In Washington, DC this week, the SelectUSA Conference was filled with compelling arguments for companies all over the world to invest in the U.S. Thousands of foreign companies attended the event in Washington, DC, and they were met with plenty of reasons to do business here.
Secretary Kerry closed the program with a thoughtful and positive message... invest in the US! It works!
What may not be obvious to Americans - and anyone around the world regarding foreign direct investment in their country - is why this is such an important issue. A look at the numbers indicates why so much effort was made this week by American leaders at SelectUSA.
The Brookings Global Cities Initiative has reported on why foreign direct investment matters.
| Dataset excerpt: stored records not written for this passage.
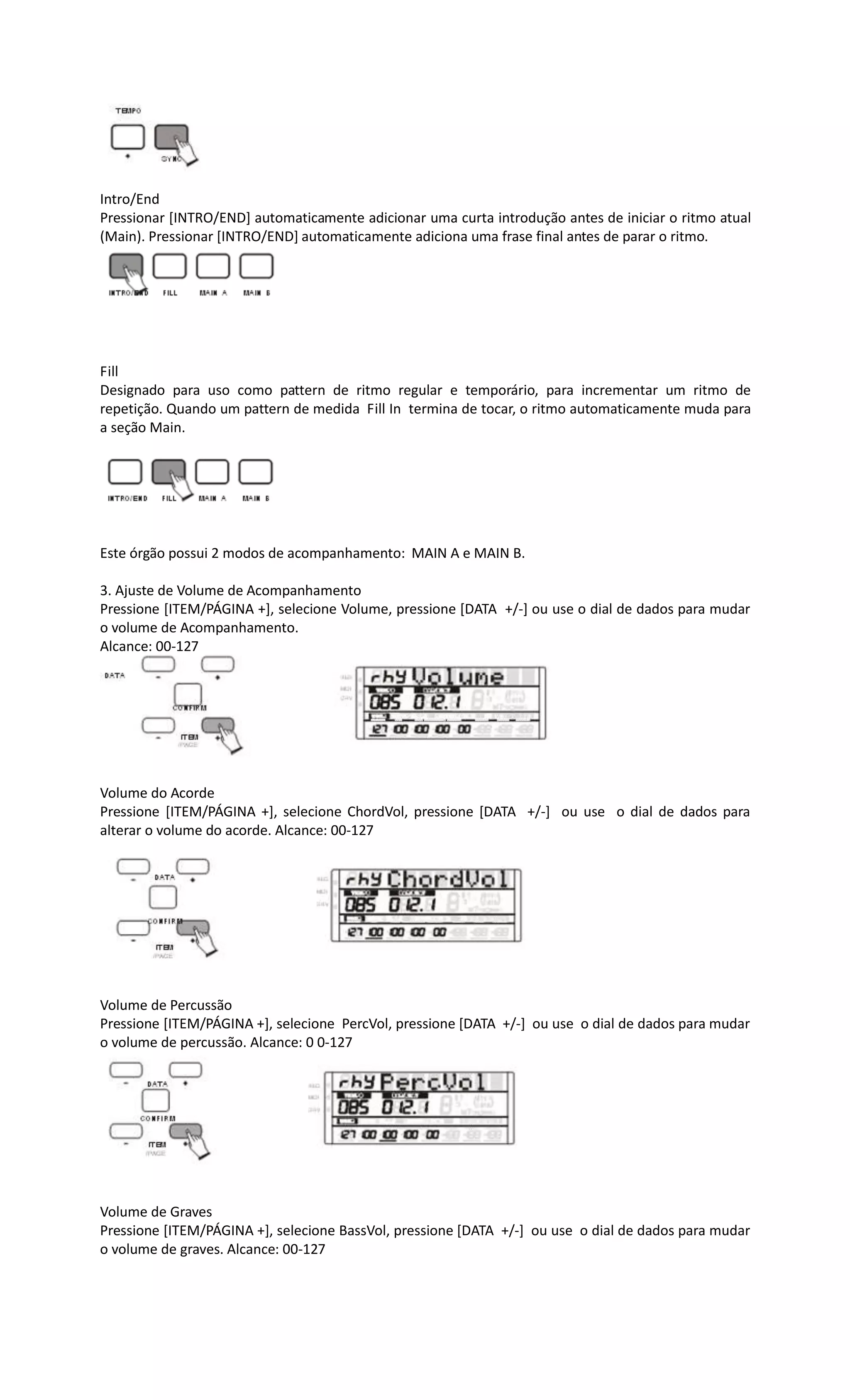 Intro/End
Pressionar [INTRO/END] automaticamente adicionar uma curta introdução antes de iniciar o ritmo atual
(Main). Pressionar [INTRO/END] automaticamente adiciona uma frase final antes de parar o ritmo.
Fill
Designado para uso como pattern de ritmo regular e temporário, para incrementar um ritmo de
repetição. Quando um pattern de medida Fill In termina de tocar, o ritmo automaticamente muda para
a seção Main.
Este órgão possui 2 modos de acompanhamento: MAIN A e MAIN B.
3. Ajuste de Volume de Acompanhamento
Pressione [ITEM/PÁGINA +], selecione Volume, pressione [DATA +/-] ou use o dial de dados para mudar
o volume de Acompanhamento.
Alcance: 00-127
Volume do Acorde
Pressione [ITEM/PÁGINA +], selecione ChordVol, pressione [DATA +/-] ou use o dial de dados para
alterar o volume do acorde. Alcance: 00-127
Volume de Percussão
Pressione [ITEM/PÁGINA +], selecione PercVol, pressione [DATA +/-] ou use o dial de dados para mudar
o volume de percussão. Alcance: 0 0-127
Volume de Graves
Pressione [ITEM/PÁGINA +], selecione BassVol, pressione [DATA +/-] ou use o dial de dados para mudar
o volume de graves. Alcance: 00-127
 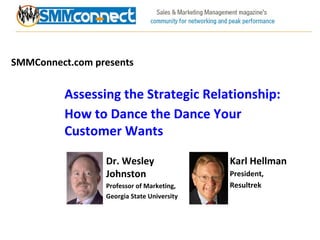 SMMConnect.com presents Assessing the Strategic Relationship: How to Dance the Dance Your Customer Wants Karl Hellman President, Resultrek Dr. Wesley Johnston Professor of Marketing, Georgia State University 
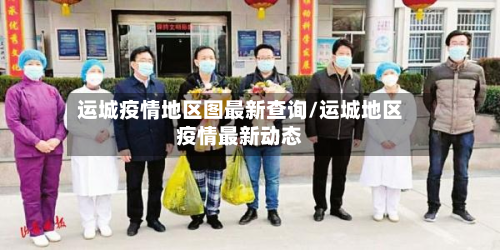 运城疫情地区图最新查询/运城地区疫情最新动态-第2张图片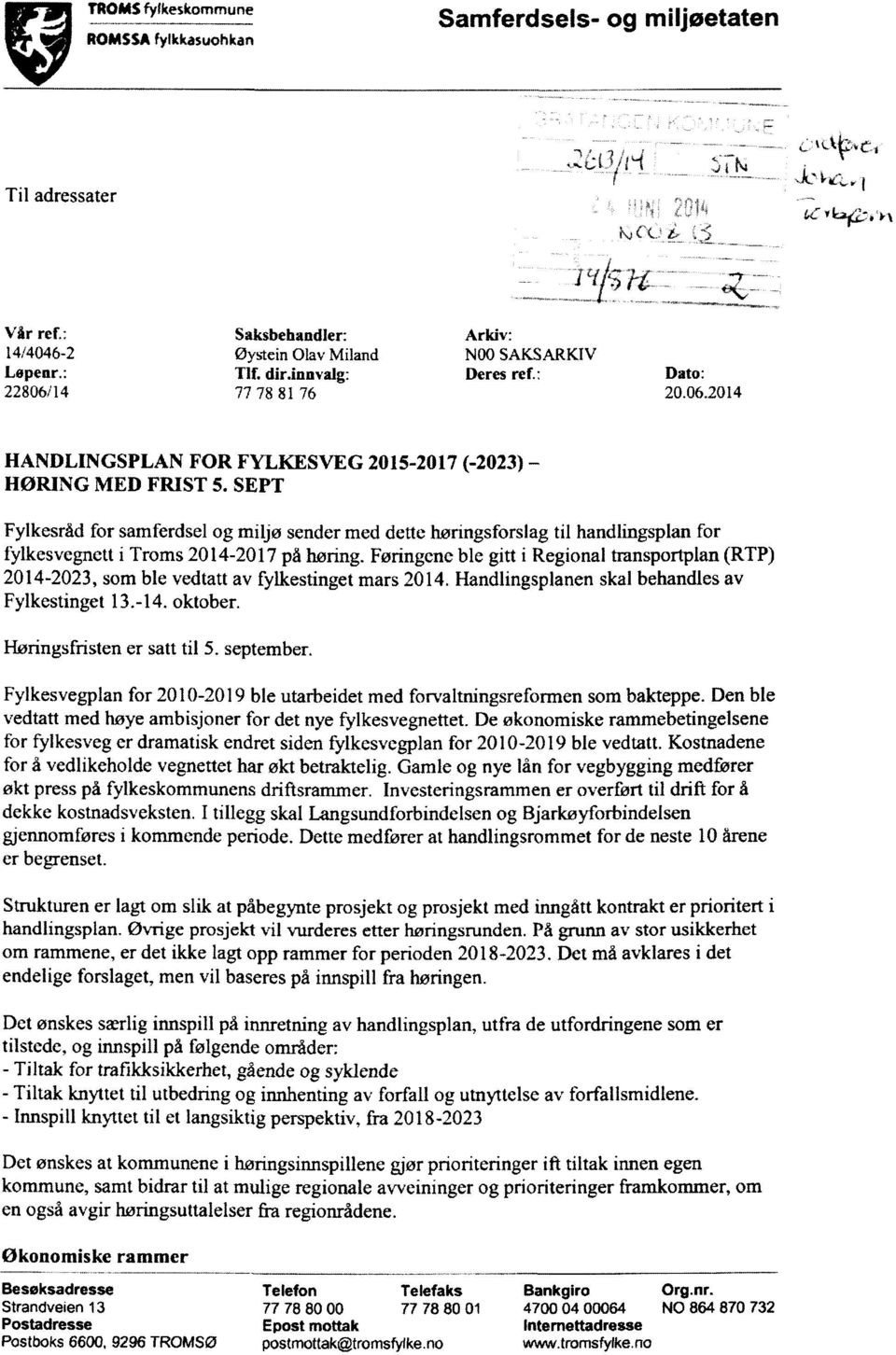 SEPT Fylkesråd for samferdsel og miljø sender med dette høringsforslag til handlingsplan for fylkesvegnett i Troms 2014-2017 på høring.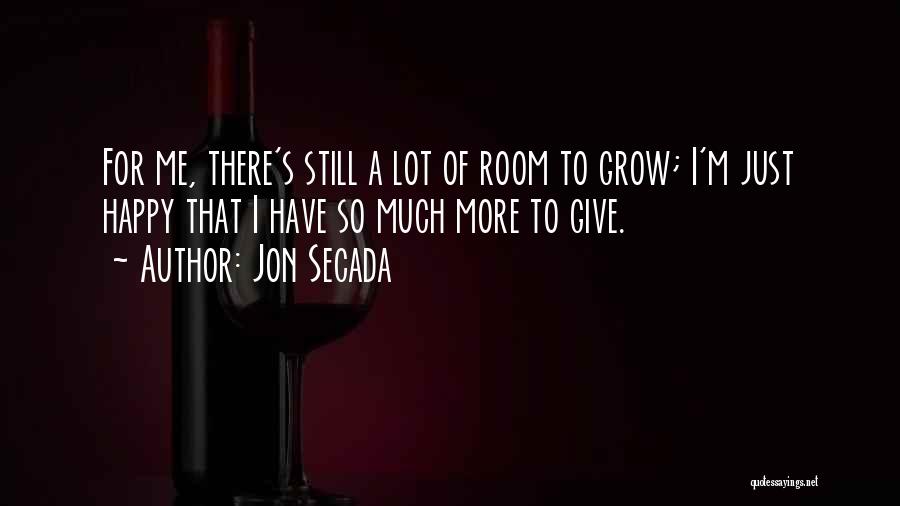 Jon Secada Quotes: For Me, There's Still A Lot Of Room To Grow; I'm Just Happy That I Have So Much More To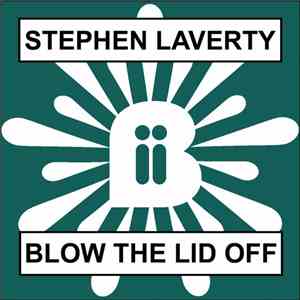 Stephen Laverty - Blow The Lid Off
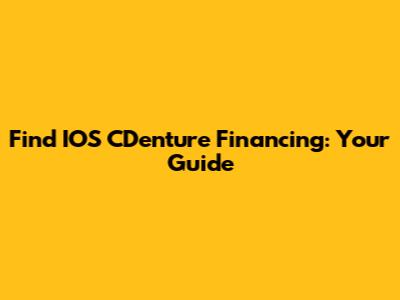 Find IOS CDenture Financing: Your Guide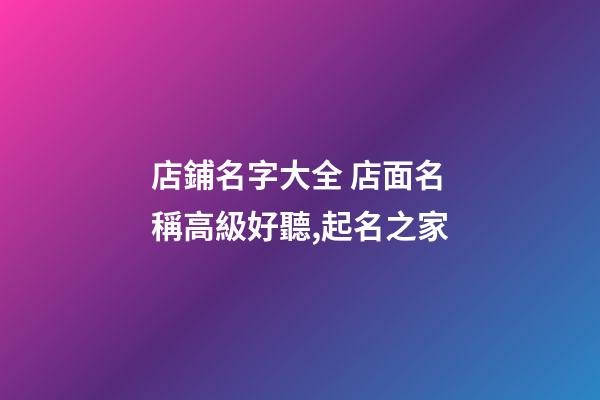 店鋪名字大全 店面名稱高級好聽,起名之家-第1張-店鋪起名-玄機派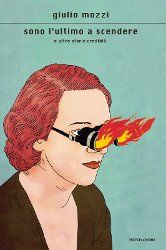 Sono l'ultimo a scendere, di Giulio Mozzi, Mondadori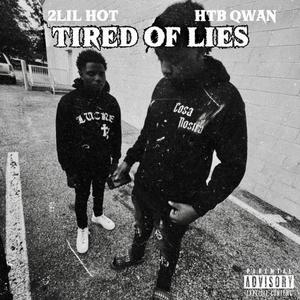 Tired Of Lies (Explicit)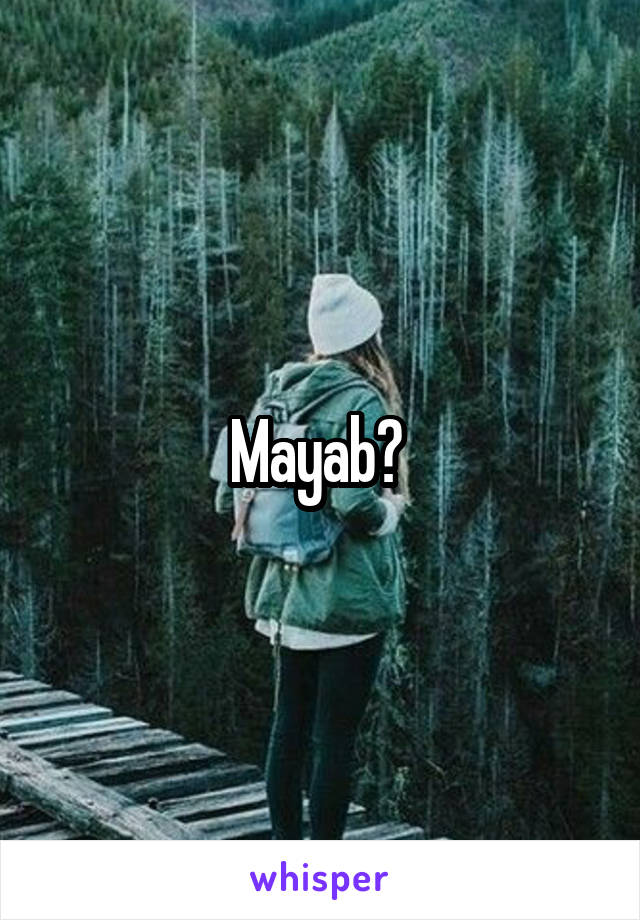 Mayab? 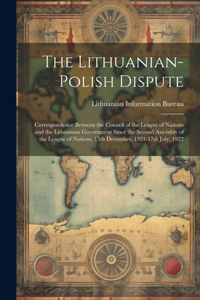 Lithuanian-Polish Dispute; Correspondence Between the Council of the League of Nations and the Lithuanian Government Since the Second Assembly of the League of Nations, 15th December, 1921-17th July, 1922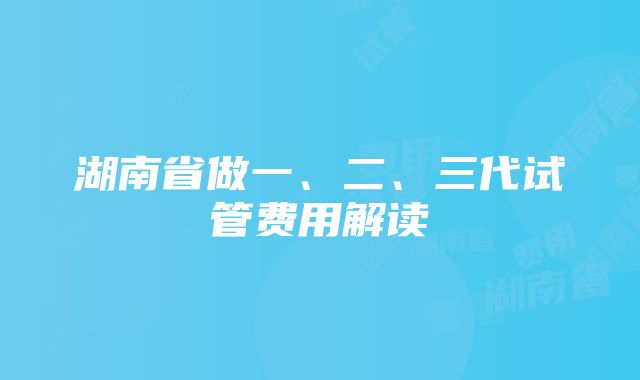 湖南省做一、二、三代试管费用解读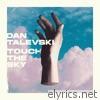 Dan Talevski - Touch the Sky - Single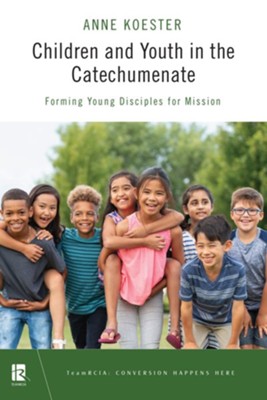 Children and Youth in the Catechumenate: Forming Young Disciples for Mission  -     By: Anne Y. Koester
When foreign firms invest in the U.S., they contribute inordinately and positively to the economy. When they invest in a U.S. business enterprise either by opening a new operation or through a merger or acquisition, overall those investments account for 5% of private sector employment. That's not insignificant, and most interesting, this is what FDI looks like in an average US community...
- 5.0% of employment
- 6.7% of compensation
- 12.0% of productivity growth
- 15.2% of capital investment
- 18.9% of corporate R&D
- 20.3% of export
Really! So we talk all the time about increasing exports, and one of the most important ways may be to simply attract foreign direct investment... which provides an inordinately positive bump with exports. Yes help local companies export, and attract foreign companies as well. It all works together in a very positive way.
So if you ever hear someone complain about foreign companies investing in your town, state or country, let them know that they owe the foreign owners of that company a big hug. When communities welcome foreign direct investment, they're welcoming jobs, investment, R&D and increased exports.